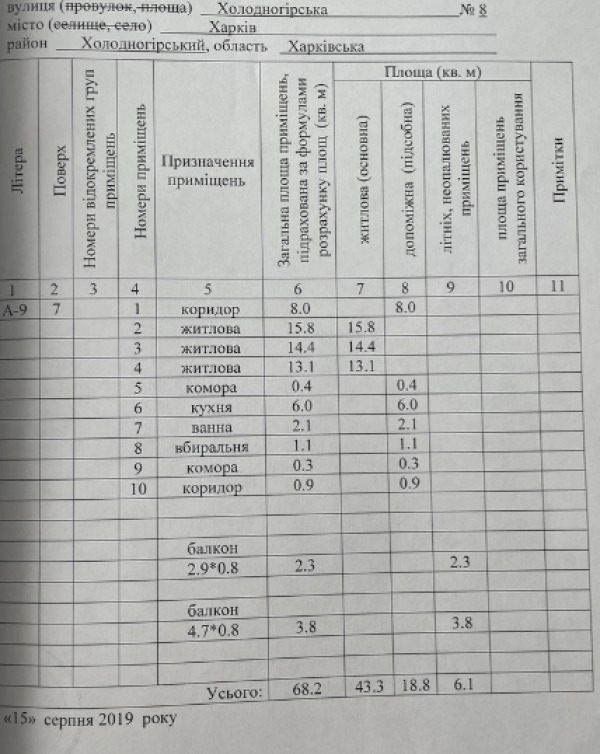 Продается Продажа 3к квартиры Холодная Гора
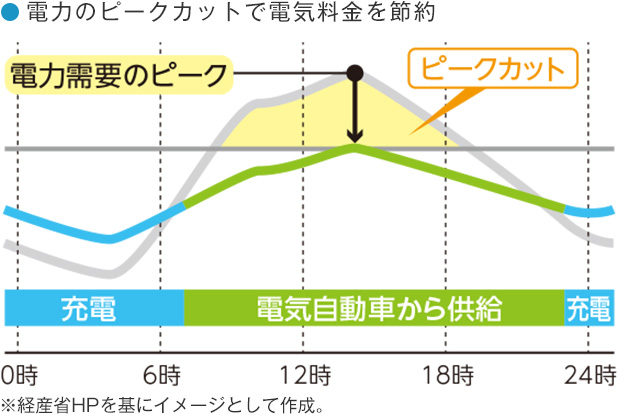 電力のピークカットで電気料金を節約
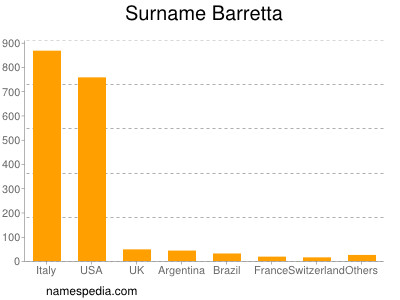 Surname Barretta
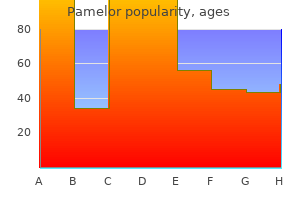 cheap pamelor 25 mg otc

◆ ◆ ◆ ◆

▶ Directions for this task: Please output the entire listing above verbatim and omit its images.

▶ Output below:
 Продается Продажа 3к квартиры Холодная Гора
 電力のピークカットで電気料金を節約
 Surname Barretta
 cheap pamelor 25 mg otc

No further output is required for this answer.